Среди зимы Сидор Яковлев и Никита Емелкин заболели и умерли, Товарищи схоронили их тут же, возле зимовья, разогревая мерзлую землю кострами. Дорого обошлось русским первое посещение Шантар: больше половины отряда погибло.
За зиму Иван Быков промыслил на островах двадцать восемь соболей, Алексей Крестьянинов — двадцать, а Семен Анабара — пятьдесят.
29 июня 1714 года, когда льды наконец вынесло из проливов, трое оставшихся в живых казаков покинули остров и взяли курс прямо на Уду. За десять дней, идя то под парусом, то на веслах, они добрались до реки, а затем и до острога. Удский приказчик Василий Игнатьев, едва позволив мореходцам отдохнуть с дороги, отправил их в Якутск. Они покрыли огромное расстояние — девятьсот верст! — за баснословно короткий срок, и уже 20 октября новый якутский воевода полковник Яков Агбевич Елчин «взял с них скаски» о путешествии. Иван Быков и Алексей Крестьянинов вскоре вернулись обратно в Удский острог.

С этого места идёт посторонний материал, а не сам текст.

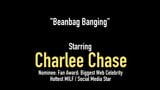 Beanbag шпилит с милфой Charlee Chase, обожающей член! snapshot 1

Что делал потом Семен Анабара, я не знаю: след его потерян, так же как потеряны следы Ивана Москвитина, Алексея Филипова и многих, многих других…
А теперь — о трагической судьбе морехода Татаринова.
В 1716 году бывший якутский воевода Яков Елчин (их меняли почти каждые два года) был назначен начальником экспедиции, получившей в истории название «Большой Камчатский наряд». Экспедиции этой поручалось искать новые земли вокруг Камчатки, и в частности вторично посетить Шантарские острова.
Очевидно, Яков Елчин раньше был знаком с мореходом Татариновым и считал его способным, знающим навигацию человеком. К моменту организации экспедиции Татаринов (капитан Татаринов, как называют его в некоторых работах) был приказчиком на реке Анадыре. Елчин добился разрешения вызвать его к себе, а Татаринов, узнав, что есть возможность отправиться на поиски новых земель, сдал дела на Анадыре и переехал в Охотск.